All messages are handled as follows. First, a message is generated by the application logic. Second, it is processed by the information distribution middleware deciding to either drop it or forward it to the network layer (i.e., send it), which finally transmits it to the other agents. The objective of the information distribution middleware is to make this decision in such a way that the received utility, as defined by an evaluation model, is maximized, taking into account the constraints.

Our approach requires the knowledge of the generation time of all messages (also the ones that are yet to be generated in the future). Often reliable mission-specific estimations for these times can be designed. For instance, an agent could be sending a message whenever it enters a warehouse or its battery is low. In this work, we estimate the generation time by assuming the messages are generated periodically. This assumption often holds in practical situations. For example, robots generate sensor data, such as their position, with a predefined, fixed rate. As soon as the first position message is received, we can estimate the generation times for all the future position messages.

2.2 Utility-Based Evaluation Model

An integral part of the introduced information distribution middleware is the evaluation model. It should be able to assign a numerical value (utility) to any set of exchanged messages.
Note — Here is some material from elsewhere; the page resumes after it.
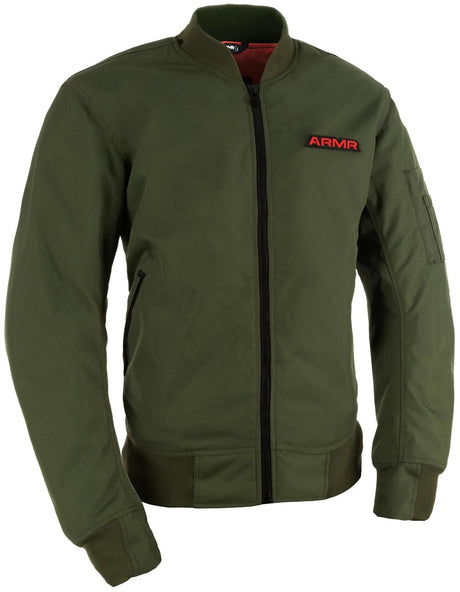 Armr Jacke Bomber 2.0. Jacke Bomber 2,0 ms Khaki Größe xxl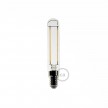 Tubular LED Light Bulb 5W 470Lm E14 Clear Dimmable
Although the optimization method introduced in this work does not depend on a specific evaluation, its design is inspired by the evaluation model introduced in our previous work (Barciś et al., 2020). This model is also utilized in our implementation in Section 4. In the following, we will briefly describe the essentials of the model. For a more detailed description and motivation, refer to the publication introducing the model (Barciś et al., 2020).

The evaluation model introduces the term total utility to denote the resulting numerical value assigned to a set of all exchanged messages. It is defined based on message utility functions. The message utility functions depend on the information type and describe how the utility of a message of this type changes throughout the mission. To compute a numerical value from such a message utility function, it needs to be integrated over the total mission time. Finally, utility aggregation functions define how to aggregate (i.e., combine) utilities from multiple messages over time. This approach allows us to consider messages in a non-myopic manner, i.e., taking into account their usage during the whole mission. It also enables us to express how messages influence each other. For instance, it is possible to state that a message is not valuable if previously some other message was received.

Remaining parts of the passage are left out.